Graduate School

Data Sciences Foundations - Certificate

Make Big Data Meaningful

The data deluge being experienced in our markets today requires technical experts with the skills for collecting, handling, and analyzing large datasets. Data scientists are in high demand in every industry. The structured, meaningful information provided by data scientists becomes the basis for industrial innovation and strategy. Use complex, quantitative algorithms in data analysis, governance, and validation.

Data science has been listed as one of the top three jobs in America on Glassdoor. The median base salary is approximately $108,000 and there are currently more than 6,500 job openings in the field. 

Michigan Tech’s Certificate in Data Science Foundations brings together students from diverse fields with interest in data analysis, data science, and computing tools.
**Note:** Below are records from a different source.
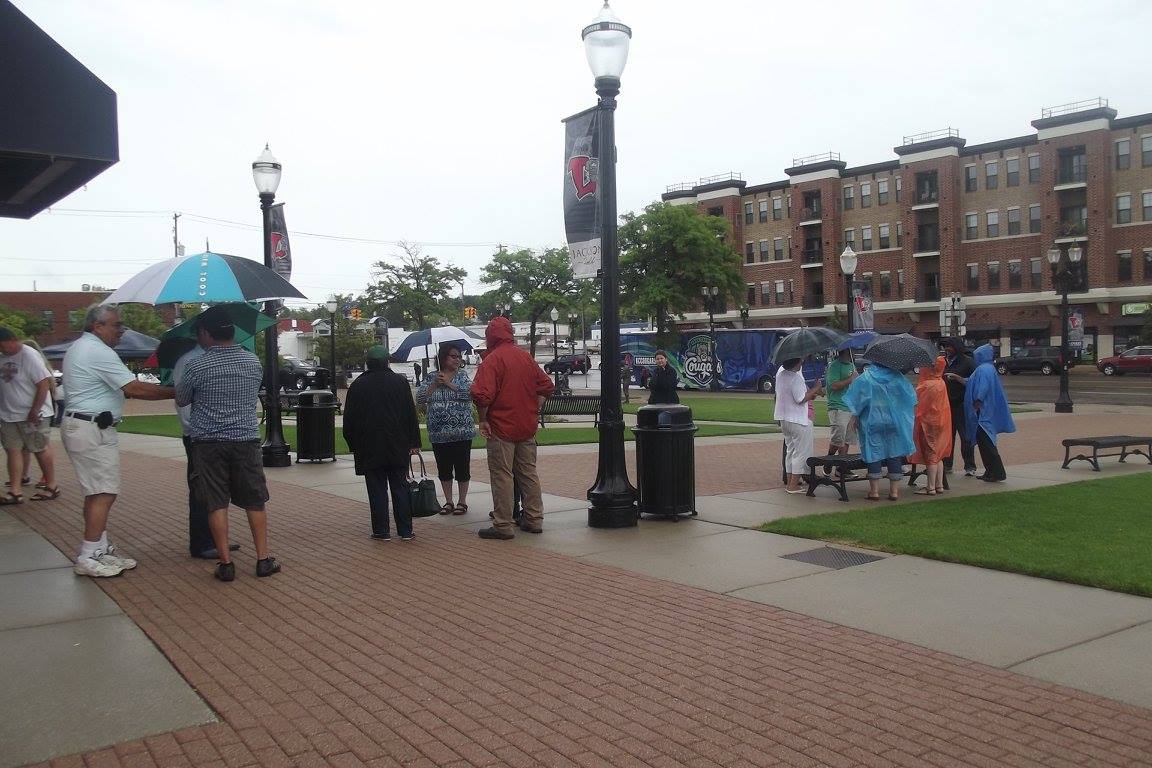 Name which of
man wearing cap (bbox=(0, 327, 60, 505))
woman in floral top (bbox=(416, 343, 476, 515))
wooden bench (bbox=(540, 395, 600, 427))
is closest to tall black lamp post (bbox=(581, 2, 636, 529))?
woman in floral top (bbox=(416, 343, 476, 515))

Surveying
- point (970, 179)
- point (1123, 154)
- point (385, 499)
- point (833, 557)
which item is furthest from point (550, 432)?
point (970, 179)

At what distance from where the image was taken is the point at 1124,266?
181ft

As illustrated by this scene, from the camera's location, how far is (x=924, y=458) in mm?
11016

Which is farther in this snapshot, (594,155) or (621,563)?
(594,155)

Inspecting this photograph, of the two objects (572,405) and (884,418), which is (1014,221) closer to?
(572,405)

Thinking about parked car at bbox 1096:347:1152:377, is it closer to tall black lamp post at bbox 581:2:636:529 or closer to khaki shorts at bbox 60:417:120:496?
tall black lamp post at bbox 581:2:636:529

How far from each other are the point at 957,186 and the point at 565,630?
6239 centimetres

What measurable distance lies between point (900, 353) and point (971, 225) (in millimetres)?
56352

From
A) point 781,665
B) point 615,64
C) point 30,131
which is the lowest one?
point 781,665

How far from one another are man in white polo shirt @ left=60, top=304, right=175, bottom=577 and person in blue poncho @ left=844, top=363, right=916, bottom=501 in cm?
694

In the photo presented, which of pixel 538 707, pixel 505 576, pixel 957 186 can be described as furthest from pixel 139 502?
pixel 957 186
Students develop skills in fundamental data science techniques, including predictive modeling, data mining, information management, data analytics, and data visualization. Students also gain team-building and communication skills through collaborative projects, using their technical skills to analyze data generated by real-world problems. Together, students hone their ability to harness information from data analytics for social and industrial impact.  

What you need to know

This certificate requires a total of 9-credits and can be completed in a two-semester sequence or spread over three semesters.

Only open to students enrolled in a graduate program and applicants who are not currently enrolled in any graduate program at Michigan Tech. Students who complete the Certificate in Data Science Foundations also have the option of continuing their education through the MS in Data Science program.

Students who complete the Certificate in Data Science Foundations will demonstrate their core proficiency in data science foundations, understand the application of data science foundations to specific problems, and can apply the professional skills of a data scientist (data, written, and oral communication).